More specifically, there’s the fact that over the course of all of these years of experience, bandleader Efrim Menuck has quite obviously gained a little bit of confidence in the expression of his art, particularly the part of it that comes out of his mouth. 13 Blues for Thirteen Moons is the most vocals-oriented release he has yet put out, a fact that could be seen as either a positive or a negative depending on what you think of Menuck’s vocal style. For the majority of the album, he sports a broken tenor that sounds a bit like a cross between Win Butler and Damon Albarn, particularly those Gorillaz moments when Albarn sounds particularly winded and breathy. It’s an excellent voice, actually, to match with the up-with-art vibe that the rest of the pieces of the album are so unapologetic about, but it’s not a pretty voice, or a pleasing voice, or an enjoyable voice, in any conceivable way. More than anything, the voice is a vessel for the poetry, which, as touched on previously, may be an acquired taste.

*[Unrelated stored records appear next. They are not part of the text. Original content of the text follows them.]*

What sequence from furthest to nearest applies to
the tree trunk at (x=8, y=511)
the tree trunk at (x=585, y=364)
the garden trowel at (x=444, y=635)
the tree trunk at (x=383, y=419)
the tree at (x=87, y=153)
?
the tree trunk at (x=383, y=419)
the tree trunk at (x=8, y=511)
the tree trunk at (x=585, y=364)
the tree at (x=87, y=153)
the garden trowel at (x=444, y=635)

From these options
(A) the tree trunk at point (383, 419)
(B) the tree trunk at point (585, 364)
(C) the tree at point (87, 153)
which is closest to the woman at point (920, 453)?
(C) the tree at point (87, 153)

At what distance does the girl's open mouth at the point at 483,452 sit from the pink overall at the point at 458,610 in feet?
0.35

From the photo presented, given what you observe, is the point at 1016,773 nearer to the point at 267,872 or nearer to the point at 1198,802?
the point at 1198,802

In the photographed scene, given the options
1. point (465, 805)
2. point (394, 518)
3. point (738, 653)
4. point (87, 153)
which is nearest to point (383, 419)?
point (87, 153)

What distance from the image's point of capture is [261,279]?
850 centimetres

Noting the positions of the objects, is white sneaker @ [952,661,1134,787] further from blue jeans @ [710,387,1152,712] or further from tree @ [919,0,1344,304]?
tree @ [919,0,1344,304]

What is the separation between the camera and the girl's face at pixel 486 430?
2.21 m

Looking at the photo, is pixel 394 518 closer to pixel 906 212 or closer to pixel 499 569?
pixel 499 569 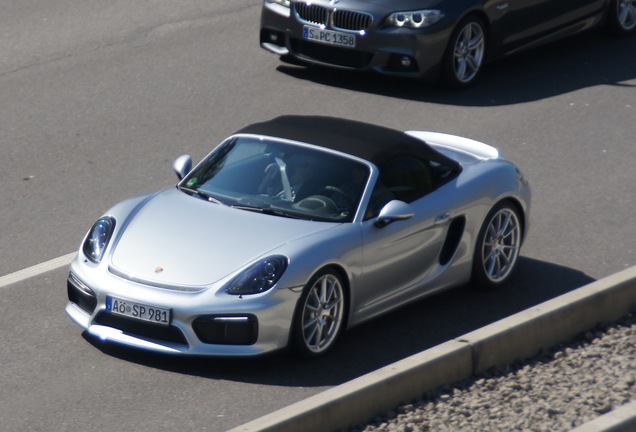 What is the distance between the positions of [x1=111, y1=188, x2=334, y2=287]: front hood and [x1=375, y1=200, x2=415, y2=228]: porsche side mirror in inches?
14.2

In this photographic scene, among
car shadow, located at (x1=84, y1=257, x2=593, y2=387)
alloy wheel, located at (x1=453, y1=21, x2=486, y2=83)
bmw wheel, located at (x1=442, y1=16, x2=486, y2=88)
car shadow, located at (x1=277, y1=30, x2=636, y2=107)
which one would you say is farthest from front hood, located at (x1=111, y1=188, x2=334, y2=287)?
alloy wheel, located at (x1=453, y1=21, x2=486, y2=83)

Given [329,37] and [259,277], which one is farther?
[329,37]

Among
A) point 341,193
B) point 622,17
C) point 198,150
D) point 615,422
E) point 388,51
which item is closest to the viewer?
point 615,422

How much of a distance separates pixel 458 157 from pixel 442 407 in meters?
2.93

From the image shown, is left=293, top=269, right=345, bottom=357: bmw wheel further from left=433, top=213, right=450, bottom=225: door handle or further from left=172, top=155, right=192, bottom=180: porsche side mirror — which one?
left=172, top=155, right=192, bottom=180: porsche side mirror

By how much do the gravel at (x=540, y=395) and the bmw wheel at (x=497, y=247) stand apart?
118cm

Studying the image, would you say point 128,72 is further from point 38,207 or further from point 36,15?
point 38,207

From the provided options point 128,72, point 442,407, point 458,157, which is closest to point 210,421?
point 442,407

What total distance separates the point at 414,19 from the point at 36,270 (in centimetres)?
575

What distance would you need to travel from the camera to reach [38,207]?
34.3 ft

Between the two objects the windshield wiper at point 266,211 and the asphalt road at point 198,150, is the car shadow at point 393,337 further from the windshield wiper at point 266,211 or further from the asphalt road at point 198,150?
the windshield wiper at point 266,211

So despite the vast potential for all of these risks to add up to an album that falls flat on its face and twitches a couple of times before melting into the floor, it actually holds up pretty well, at least for a little while. After the brief, squeaky, peaceful feedback of the introduction offered over the course of tracks one through 12, Menuck offers the really rather brilliant “1,000,000 Died to Make This Sound”, a beautifully epic piece of art-rock artistry that makes a point of droning its best bits into the listener’s head for minutes at a time, making it not just interesting, but nigh-unforgettable. “Give me a god damned shovel / I’ll dig my own damn hole,” sings Menuck, under a wall of violins, guitars, and what can only be described as a tremendous rock ‘n’ roll beat, and it’s easy to get lost in the sheer scale of it for all 14-plus glorious minutes of it. Would that the rest of 13 Blues for Thirteen Moons could live up to the example of its first 25%.

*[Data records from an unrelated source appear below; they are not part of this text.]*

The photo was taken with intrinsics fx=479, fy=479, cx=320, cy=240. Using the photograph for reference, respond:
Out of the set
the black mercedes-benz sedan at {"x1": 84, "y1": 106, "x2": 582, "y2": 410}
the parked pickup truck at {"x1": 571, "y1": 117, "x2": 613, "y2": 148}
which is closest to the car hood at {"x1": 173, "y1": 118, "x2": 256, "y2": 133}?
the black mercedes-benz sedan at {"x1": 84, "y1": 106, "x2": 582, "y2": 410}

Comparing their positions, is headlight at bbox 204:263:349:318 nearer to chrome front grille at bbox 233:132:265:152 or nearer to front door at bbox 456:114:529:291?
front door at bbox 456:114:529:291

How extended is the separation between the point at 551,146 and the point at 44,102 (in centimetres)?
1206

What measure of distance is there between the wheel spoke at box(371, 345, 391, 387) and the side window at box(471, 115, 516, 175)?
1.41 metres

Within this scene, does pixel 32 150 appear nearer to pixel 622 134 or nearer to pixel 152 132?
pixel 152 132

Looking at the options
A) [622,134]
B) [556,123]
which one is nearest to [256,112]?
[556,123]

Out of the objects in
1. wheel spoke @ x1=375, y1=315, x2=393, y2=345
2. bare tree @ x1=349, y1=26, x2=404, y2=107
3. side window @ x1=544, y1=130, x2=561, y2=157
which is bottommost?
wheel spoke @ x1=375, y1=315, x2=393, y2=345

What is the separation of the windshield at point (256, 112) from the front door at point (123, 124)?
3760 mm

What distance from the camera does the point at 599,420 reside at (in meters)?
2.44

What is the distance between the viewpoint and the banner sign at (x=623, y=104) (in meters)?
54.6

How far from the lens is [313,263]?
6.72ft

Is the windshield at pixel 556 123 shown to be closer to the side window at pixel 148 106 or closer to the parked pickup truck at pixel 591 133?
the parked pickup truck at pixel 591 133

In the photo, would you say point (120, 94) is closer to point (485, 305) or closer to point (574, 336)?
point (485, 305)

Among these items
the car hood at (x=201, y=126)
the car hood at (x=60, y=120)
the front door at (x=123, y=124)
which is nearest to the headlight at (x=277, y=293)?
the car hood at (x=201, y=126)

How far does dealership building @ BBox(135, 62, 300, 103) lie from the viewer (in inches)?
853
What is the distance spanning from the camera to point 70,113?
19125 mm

Unfortunately, it can’t. The title track is a movement-based song that careens wildly from mood to mood, always sort of perturbed, but never purposeful enough to do anything about it, while “Black Waters Blowed / Engine Broke Blues” is an utterly forgettable 13 minutes in which the instruments play chaotically but do too good a job of getting out of Menuck’s way when he decides he wants to contribute some vocals to the conversation. And then there’s “Blind”, which has its lovely uplifting moments, but there’s a good chance you’ll have turned it off before those good moments happen as it spends a good five minutes in a repetitive mush of plucked guitars, violins, and Menuck’s yelping.

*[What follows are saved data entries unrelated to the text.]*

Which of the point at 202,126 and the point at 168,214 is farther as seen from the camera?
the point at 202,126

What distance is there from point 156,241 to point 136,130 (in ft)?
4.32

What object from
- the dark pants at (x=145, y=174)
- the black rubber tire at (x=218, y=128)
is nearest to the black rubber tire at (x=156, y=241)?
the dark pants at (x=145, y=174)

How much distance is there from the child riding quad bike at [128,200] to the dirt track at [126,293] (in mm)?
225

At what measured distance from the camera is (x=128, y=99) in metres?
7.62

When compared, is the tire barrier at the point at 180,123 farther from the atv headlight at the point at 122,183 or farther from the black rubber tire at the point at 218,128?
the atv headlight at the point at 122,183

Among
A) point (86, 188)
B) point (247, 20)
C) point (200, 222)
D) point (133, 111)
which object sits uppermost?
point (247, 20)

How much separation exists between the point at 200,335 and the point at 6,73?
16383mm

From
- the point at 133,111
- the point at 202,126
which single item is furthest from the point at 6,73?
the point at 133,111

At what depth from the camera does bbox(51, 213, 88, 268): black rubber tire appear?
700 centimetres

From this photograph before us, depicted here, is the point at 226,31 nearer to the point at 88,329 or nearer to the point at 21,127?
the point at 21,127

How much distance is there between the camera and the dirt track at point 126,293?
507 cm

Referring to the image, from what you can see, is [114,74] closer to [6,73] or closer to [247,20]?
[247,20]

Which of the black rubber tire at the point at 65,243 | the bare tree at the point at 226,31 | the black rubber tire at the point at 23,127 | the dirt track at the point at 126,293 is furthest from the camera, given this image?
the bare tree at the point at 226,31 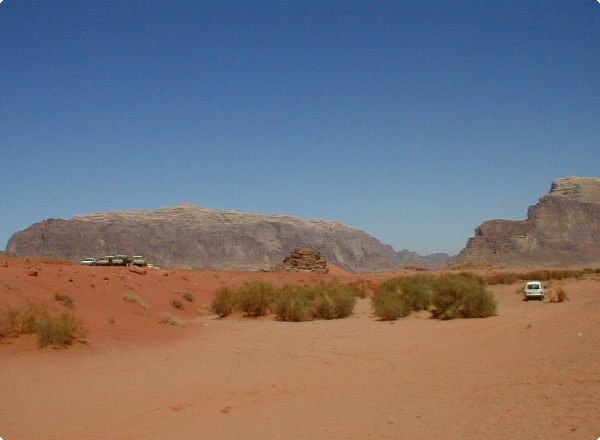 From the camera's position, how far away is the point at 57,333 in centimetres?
1556

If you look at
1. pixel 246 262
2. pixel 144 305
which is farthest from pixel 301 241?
pixel 144 305

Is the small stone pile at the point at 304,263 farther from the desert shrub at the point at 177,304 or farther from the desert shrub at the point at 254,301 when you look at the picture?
the desert shrub at the point at 254,301

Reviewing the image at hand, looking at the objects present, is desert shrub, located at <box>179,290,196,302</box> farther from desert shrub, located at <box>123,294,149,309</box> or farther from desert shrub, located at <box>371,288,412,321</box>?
desert shrub, located at <box>371,288,412,321</box>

13 Blues for Thirteen Moons sounds like a band taken just a little bit further in one direction than it was ever meant to go. It’s hard to fault the ambitions of Mr. Menuck, and perhaps he satisfied whatever artistic muse inspired him to go in such a vocal-heavy, superficially artsy direction. If so, then good for him. That doesn’t, however, mean that we have to enjoy it. Expect to be challenged by 13 Blues for Thirteen Moons, but don’t expect ever to be truly excited by it.